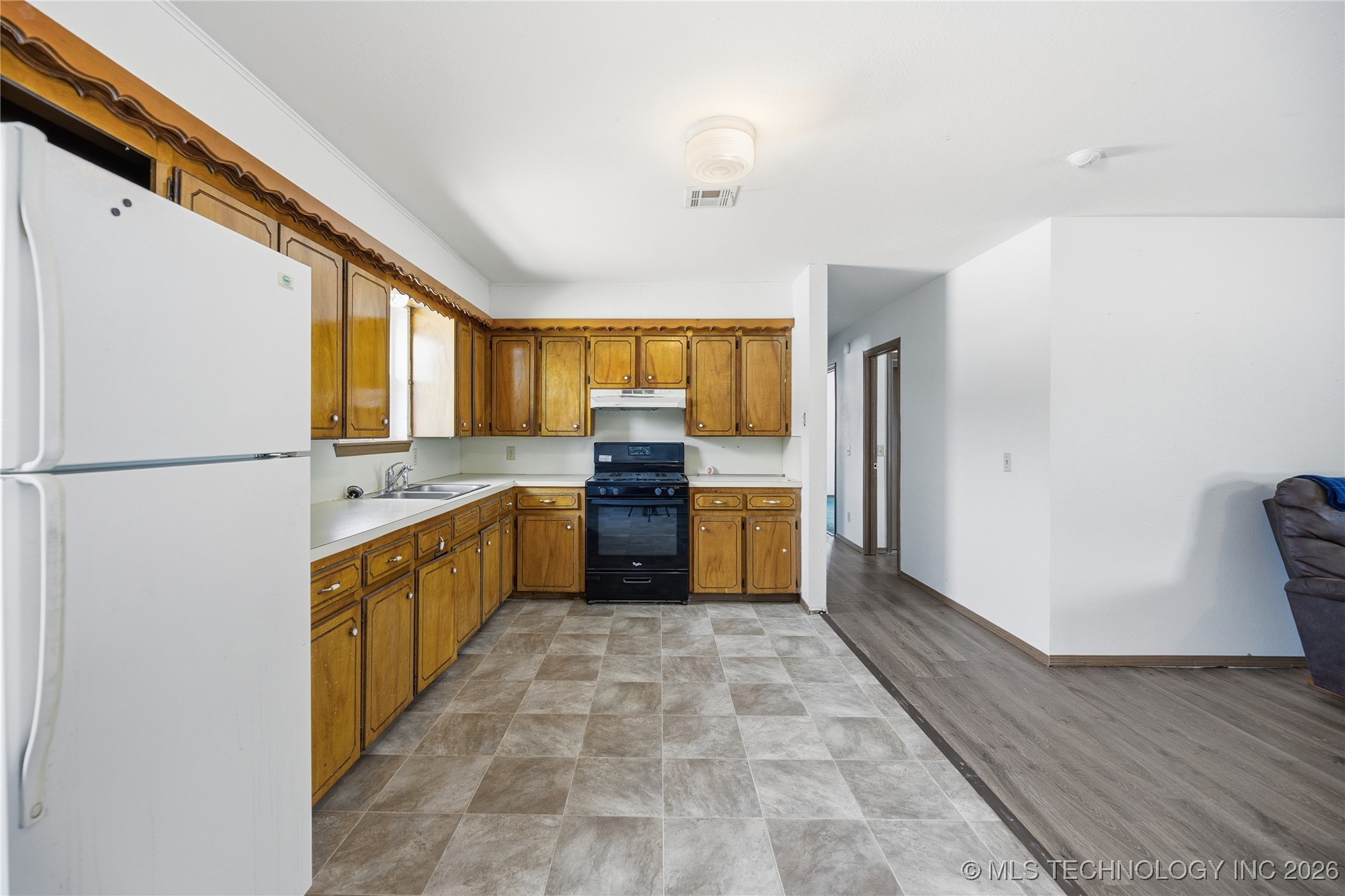 17564 W Grandview Drive Property Photo 12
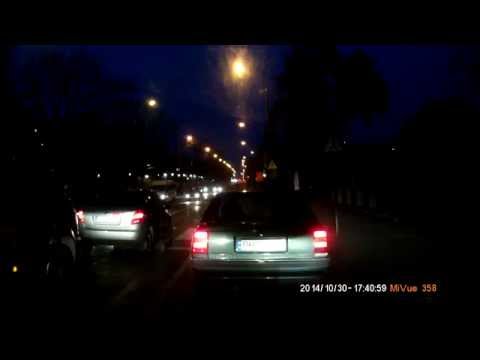 Szalony kierowca na przejściu dla pieszych Radom Fabia KN 47712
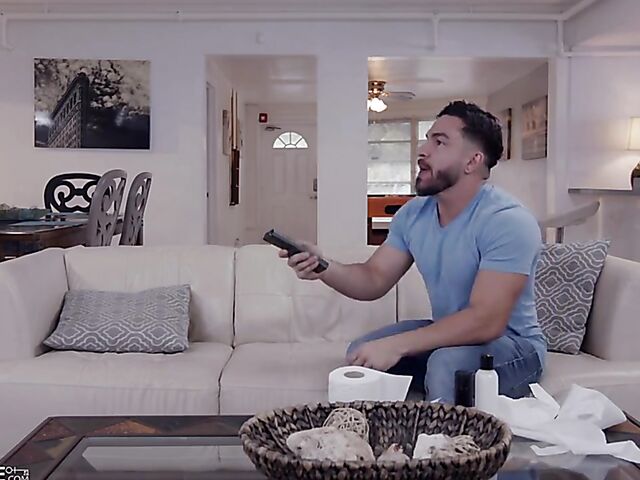 Bubble butt MILF Rose Monroe is crazy hot and needs his meat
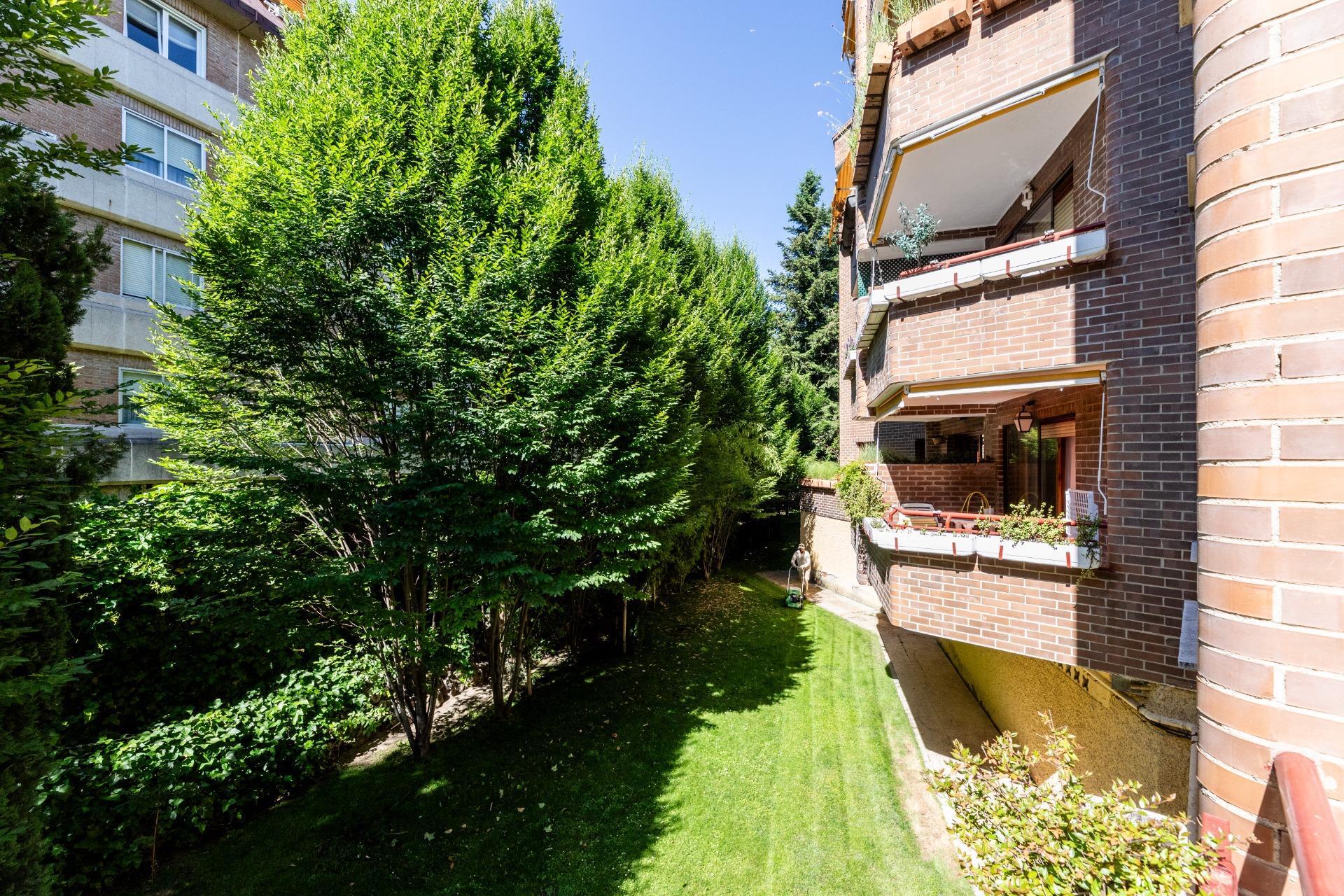 Piso en venta en calle España, Majadahonda 12/31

(Task goal) Could you repeat each line above exactly as written? Omit the pictures.

(Output for this exercise)
 17564 W Grandview Drive Property Photo 12
 Szalony kierowca na przejściu dla pieszych Radom Fabia KN 47712
 Bubble butt MILF Rose Monroe is crazy hot and needs his meat
 Piso en venta en calle España, Majadahonda 12/31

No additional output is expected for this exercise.